Model Transparency
Our prediction model is fully open about its methodology and accuracy. No black boxes.
How It Works
Every UFC fight since 1994, scraped from UFCStats.com. Fighter stats computed as point-in-time snapshots to prevent data leakage.
LightGBM + CatBoost ensemble (65/35 blend), tuned with Optuna (50 trials each). Trained on pre-2022 data, validated on 2022, tested on 2023.
45 features including Elo ratings, rolling fight stats, defensive metrics, style matchups, and market odds when available.
Confidence Scaling
The model's confidence labels reflect real accuracy. When we say “Strong”, we mean it.
Calibration
When the model says 70%, does that fighter actually win ~70% of the time? Closer to the diagonal = better calibrated.
| Predicted Range | Mean Predicted | Actual Win Rate | Fights | Difference |
|---|---|---|---|---|
| 10-20% | 17.7% | 23.7% | 38 | +6.0pp |
| 20-30% | 25.6% | 25.7% | 171 | +0.1pp |
| 30-40% | 35.1% | 32.2% | 239 | 2.9pp |
| 40-50% | 44.8% | 48.3% | 331 | +3.5pp |
| 50-60% | 54.8% | 57.6% | 304 | +2.7pp |
| 60-70% | 64.9% | 64.1% | 265 | 0.8pp |
| 70-80% | 74.5% | 75.0% | 152 | +0.5pp |
| 80-90% | 84.7% | 93.8% | 96 | +9.1pp |
| 90-100% | 91.0% | 88.9% | 9 | 2.1pp |
Performance by Weight Class
What Drives Predictions
Top features ranked by SHAP importance (mean absolute impact on predictions).
Honest Assessment: Model vs Market
On fights with betting odds (1,080 of 1,605 test fights), the closing line achieves 68.0% accuracy — and our model matches it at 68.1% on the same subset. Overall test accuracy is 65.2%.
Where our model adds value:
- Fights without odds data — we still predict at 59.0% accuracy
- Structural analysis: Elo, style matchups, and stat differentials give context the line doesn't
- Early line detection: spots value before lines sharpen
- High-confidence picks (>72% model probability) hit at 81.3%
Training Details
What Changed in v2
- Dropped team features — removed gym/team encodings that added noise without improving accuracy.

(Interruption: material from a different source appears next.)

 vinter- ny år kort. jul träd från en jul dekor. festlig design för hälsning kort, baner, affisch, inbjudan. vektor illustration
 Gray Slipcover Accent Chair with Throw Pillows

- Added interaction features — offensive efficiency (strikes landed per absorbed) captures two-way matchup dynamics better than raw stat diffs.
- Adaptive Elo K-factor — Elo ratings now update faster for early-career fighters and slow down for veterans, improving rating responsiveness.
- Data-driven confidence thresholds — tier boundaries (toss-up / lean / confident / strong) are now set from observed accuracy curves instead of arbitrary cutoffs.